▶ WHAT YOU NEED TO DO
The listing below holds pictures; exclude them. Return exactly the lines from the one with "MCR 2903 3-Piece Yellow Classic Rain Suit" through the one with "Soak Up The".

▶ THE INPUT
_ _ _

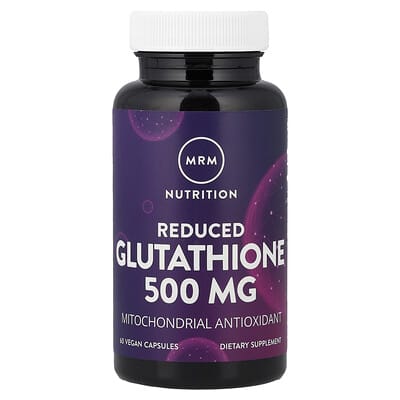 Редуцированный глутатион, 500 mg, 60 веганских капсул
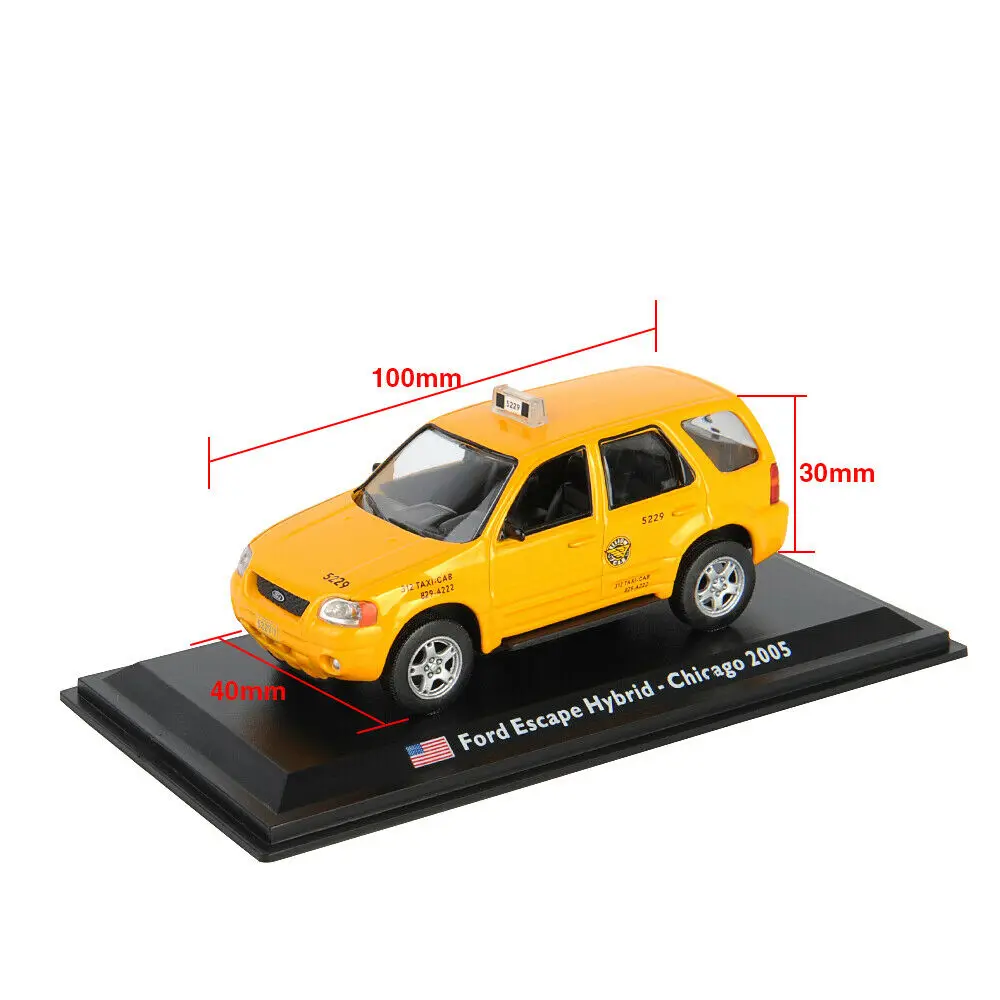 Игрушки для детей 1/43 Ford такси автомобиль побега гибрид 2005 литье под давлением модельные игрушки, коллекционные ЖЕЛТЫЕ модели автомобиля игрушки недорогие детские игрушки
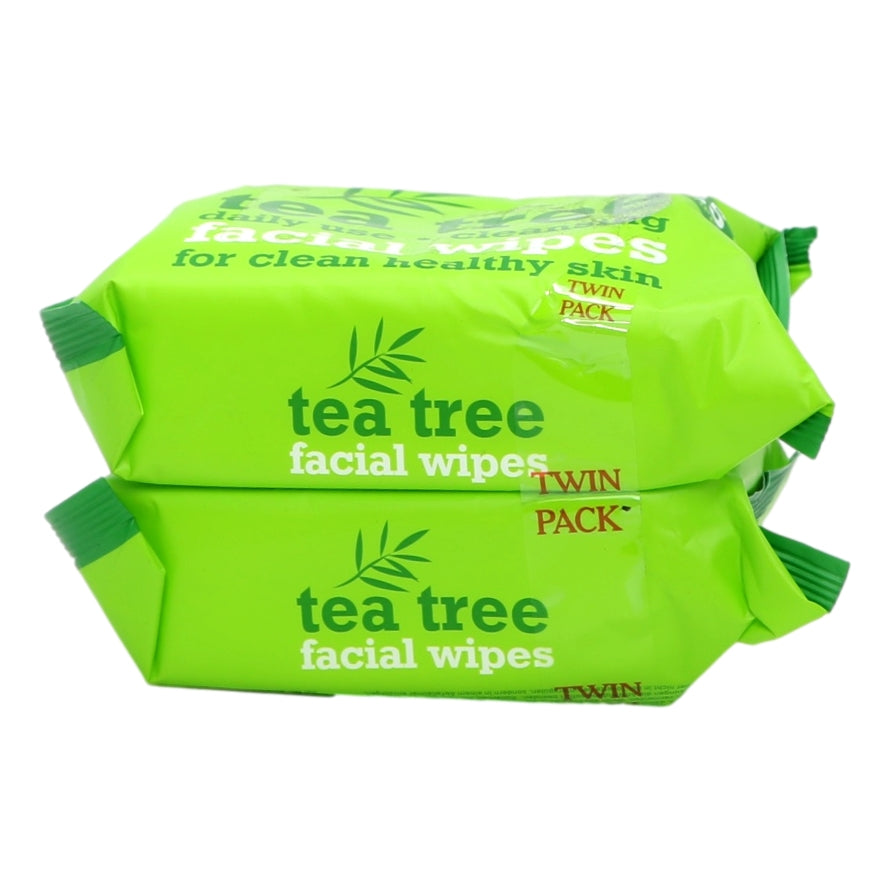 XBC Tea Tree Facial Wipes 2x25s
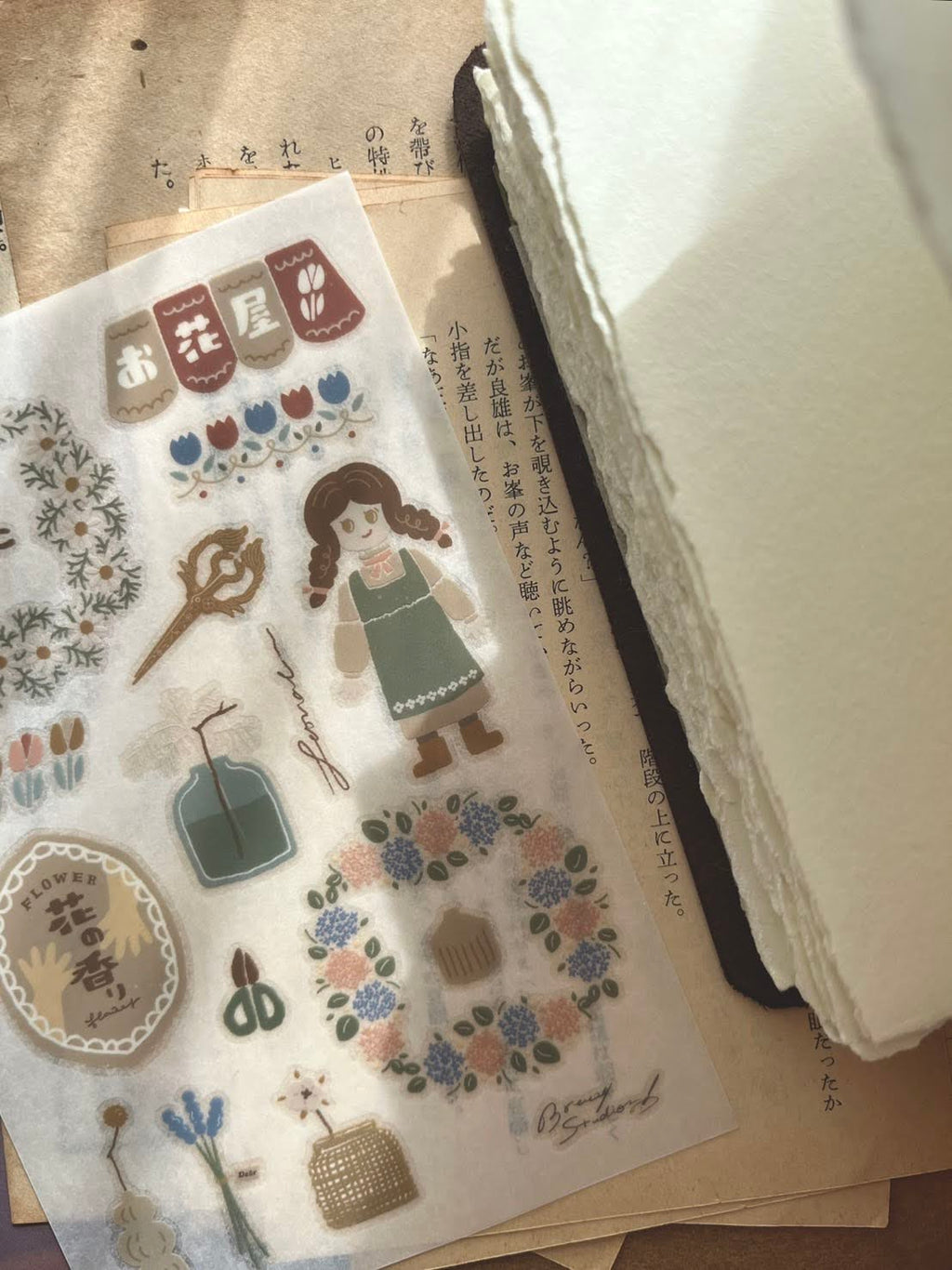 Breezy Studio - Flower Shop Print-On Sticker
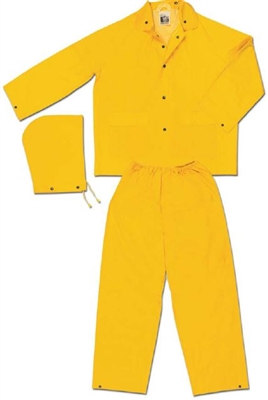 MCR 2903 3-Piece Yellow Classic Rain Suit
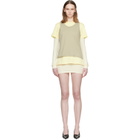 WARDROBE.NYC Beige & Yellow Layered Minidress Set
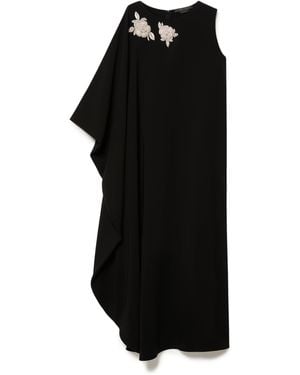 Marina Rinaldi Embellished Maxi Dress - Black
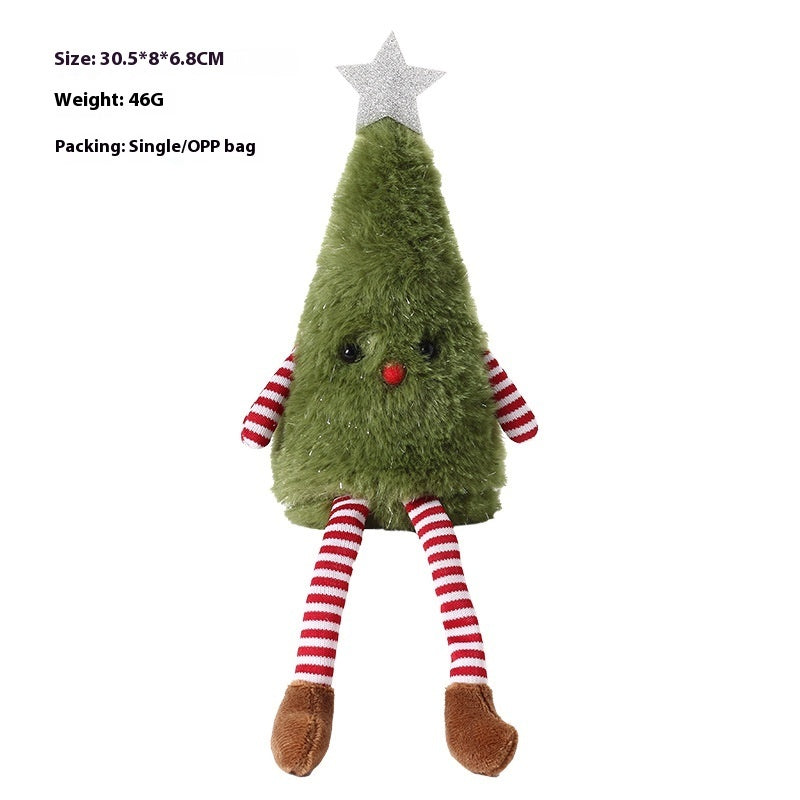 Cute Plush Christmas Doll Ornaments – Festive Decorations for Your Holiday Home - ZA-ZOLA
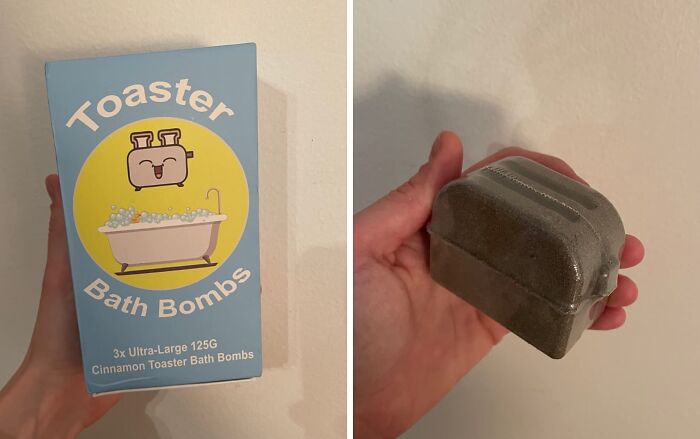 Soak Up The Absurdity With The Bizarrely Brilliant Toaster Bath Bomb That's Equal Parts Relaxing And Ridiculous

_ _ _

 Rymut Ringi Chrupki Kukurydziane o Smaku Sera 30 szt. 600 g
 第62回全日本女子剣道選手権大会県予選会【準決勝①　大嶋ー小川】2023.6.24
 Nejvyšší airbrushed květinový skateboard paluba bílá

_ _ _

▶ SOLVED PROBLEM
 MCR 2903 3-Piece Yellow Classic Rain Suit
 WARDROBE.NYC Beige & Yellow Layered Minidress Set
 Marina Rinaldi Embellished Maxi Dress - Black
 Cute Plush Christmas Doll Ornaments – Festive Decorations for Your Holiday Home - ZA-ZOLA
 Soak Up The Absurdity With The Bizarrely Brilliant Toaster Bath Bomb That's Equal Parts Relaxing And Ridiculous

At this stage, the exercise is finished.